INSTRUCTIONS TO FOLLOW:
From the first line to the last, output the records exactly and drop any images.

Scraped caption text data
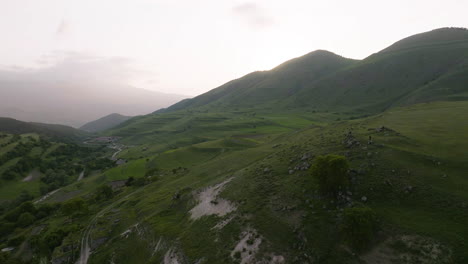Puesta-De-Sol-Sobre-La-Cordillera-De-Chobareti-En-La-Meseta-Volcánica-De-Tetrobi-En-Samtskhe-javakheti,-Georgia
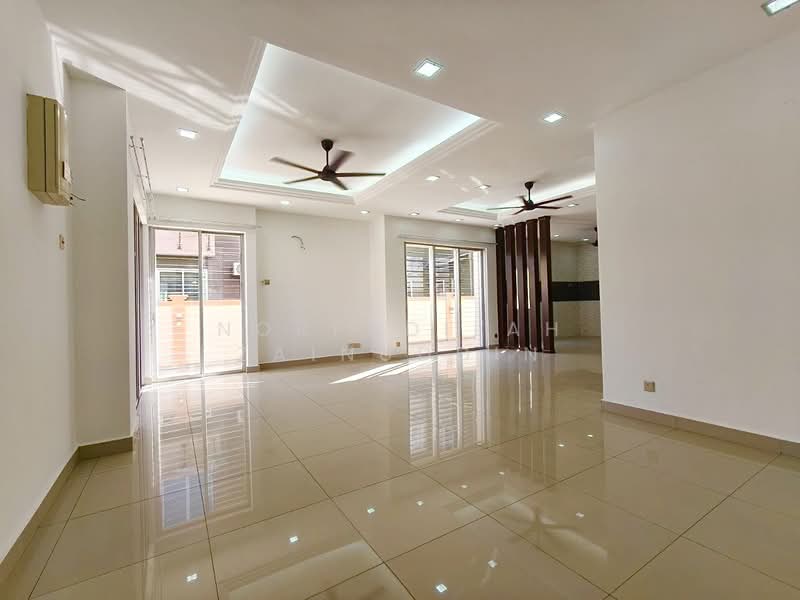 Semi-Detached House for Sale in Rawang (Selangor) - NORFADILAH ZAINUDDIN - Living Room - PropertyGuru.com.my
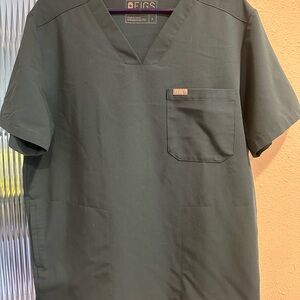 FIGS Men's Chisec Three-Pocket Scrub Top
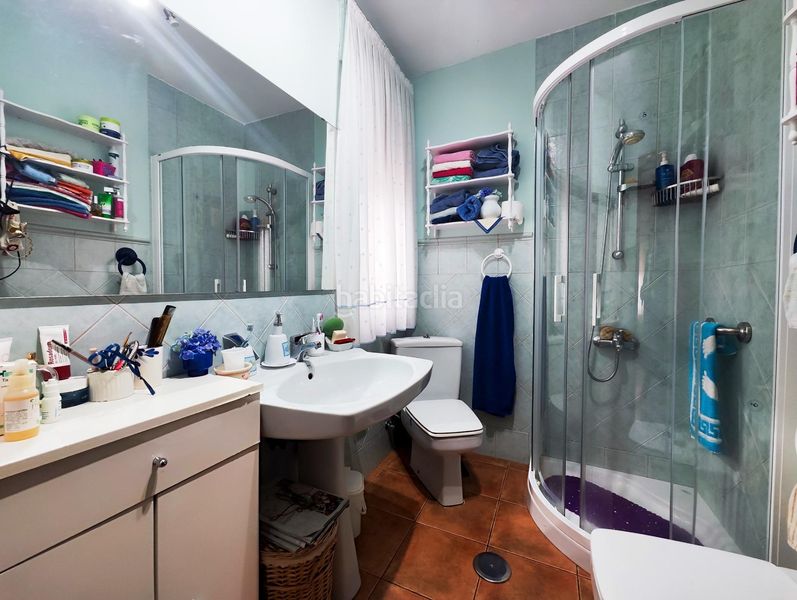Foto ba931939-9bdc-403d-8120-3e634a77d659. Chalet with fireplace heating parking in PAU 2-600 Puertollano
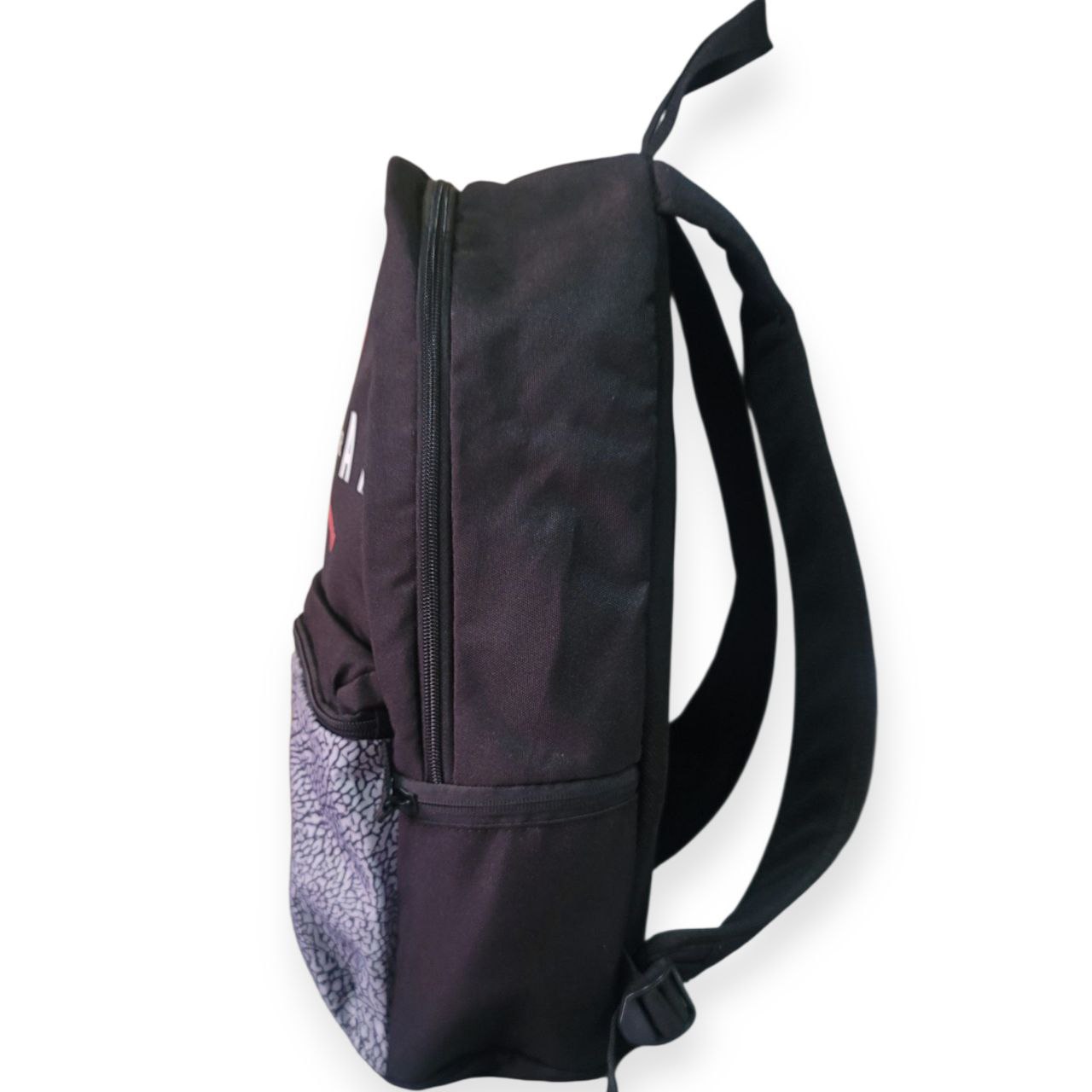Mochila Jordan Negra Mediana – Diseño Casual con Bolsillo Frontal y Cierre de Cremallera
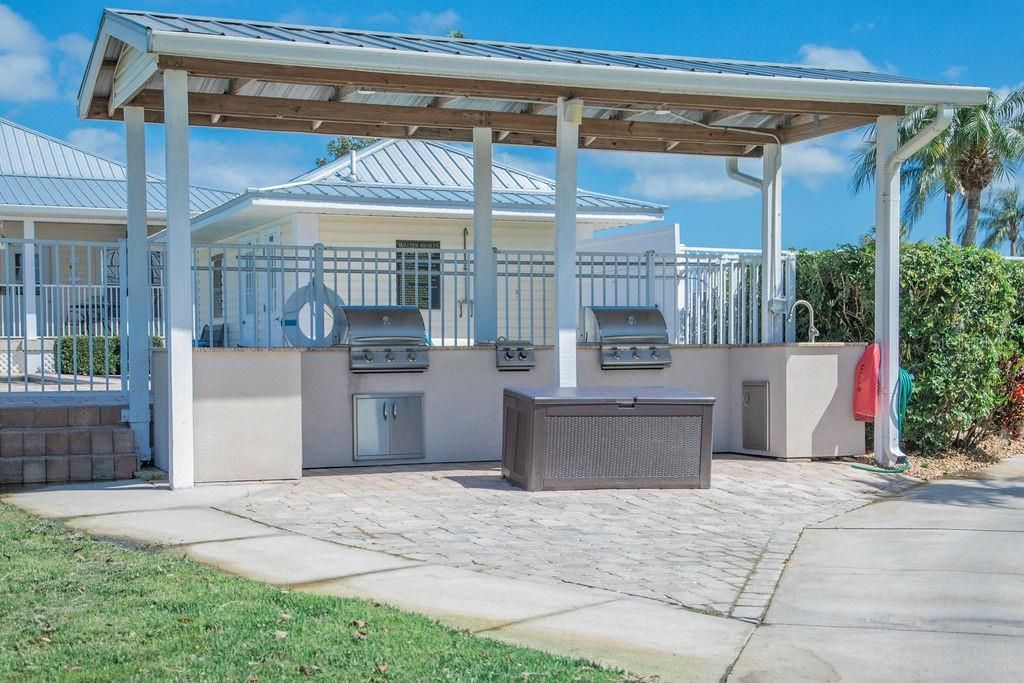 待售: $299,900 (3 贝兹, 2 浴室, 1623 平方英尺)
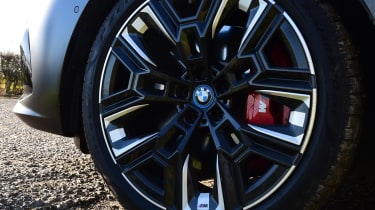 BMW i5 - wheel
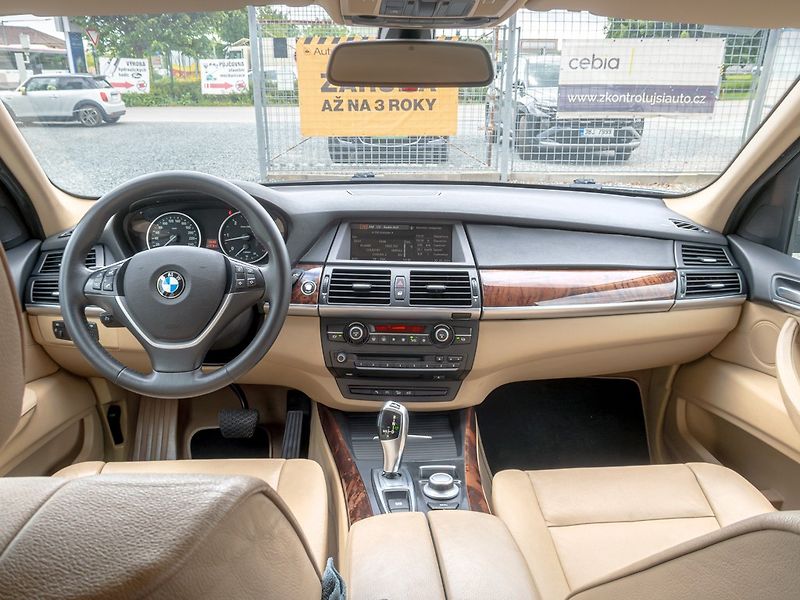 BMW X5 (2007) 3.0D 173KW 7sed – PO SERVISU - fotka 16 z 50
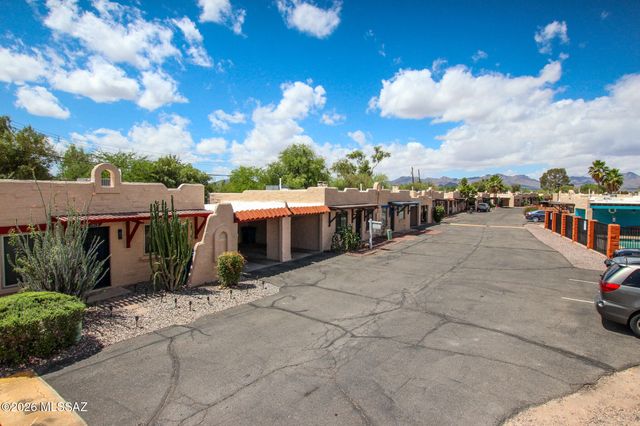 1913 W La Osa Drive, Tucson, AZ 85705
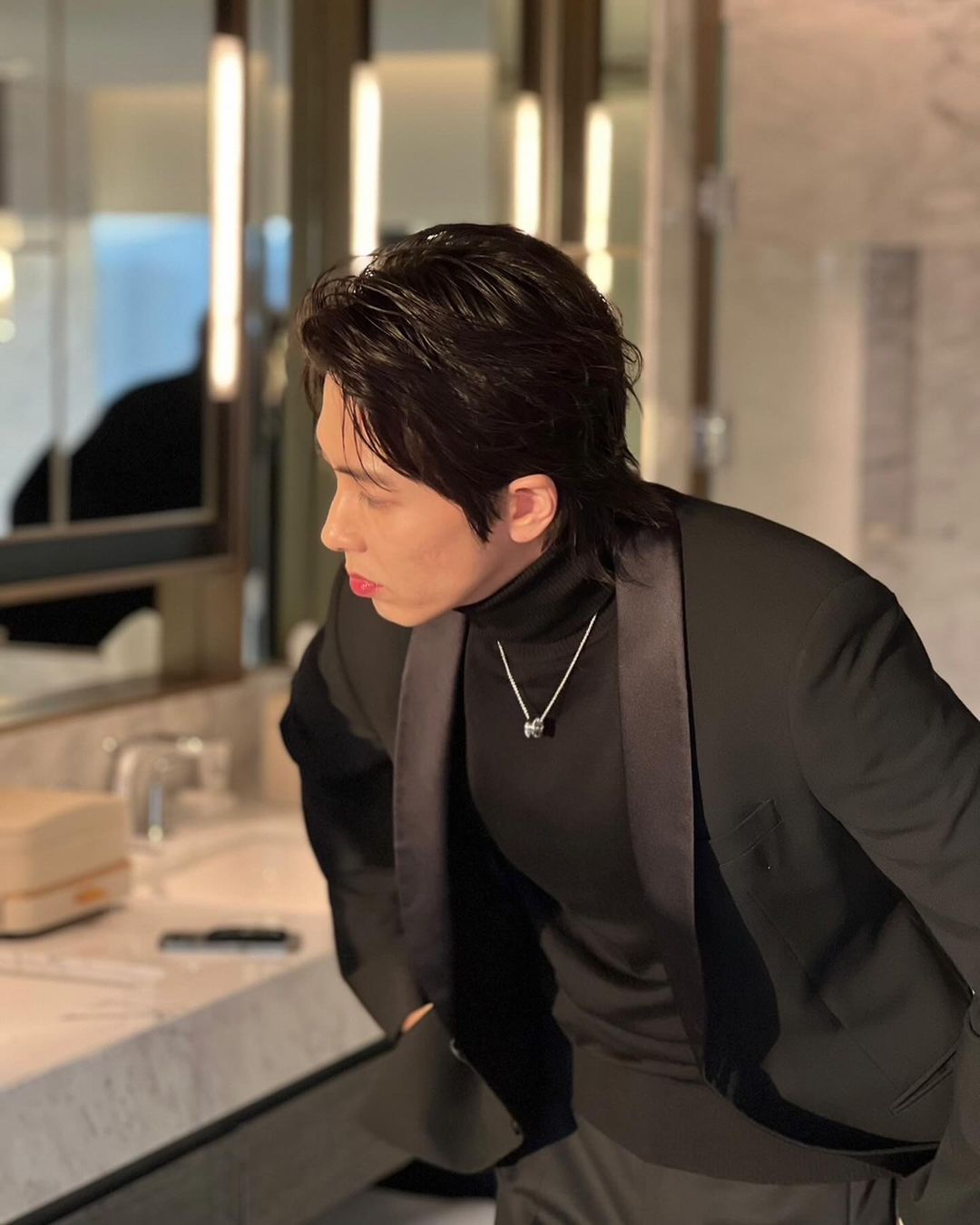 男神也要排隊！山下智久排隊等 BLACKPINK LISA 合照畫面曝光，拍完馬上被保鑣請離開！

OUTPUT FOR THIS EXERCISE:
Puesta-De-Sol-Sobre-La-Cordillera-De-Chobareti-En-La-Meseta-Volcánica-De-Tetrobi-En-Samtskhe-javakheti,-Georgia
 Semi-Detached House for Sale in Rawang (Selangor) - NORFADILAH ZAINUDDIN - Living Room - PropertyGuru.com.my
 FIGS Men's Chisec Three-Pocket Scrub Top
Foto ba931939-9bdc-403d-8120-3e634a77d659. Chalet with fireplace heating parking in PAU 2-600 Puertollano
Mochila Jordan Negra Mediana – Diseño Casual con Bolsillo Frontal y Cierre de Cremallera
 待售: $299,900 (3 贝兹, 2 浴室, 1623 平方英尺)
 BMW i5 - wheel
 BMW X5 (2007) 3.0D 173KW 7sed – PO SERVISU - fotka 16 z 50
 1913 W La Osa Drive, Tucson, AZ 85705
 男神也要排隊！山下智久排隊等 BLACKPINK LISA 合照畫面曝光，拍完馬上被保鑣請離開！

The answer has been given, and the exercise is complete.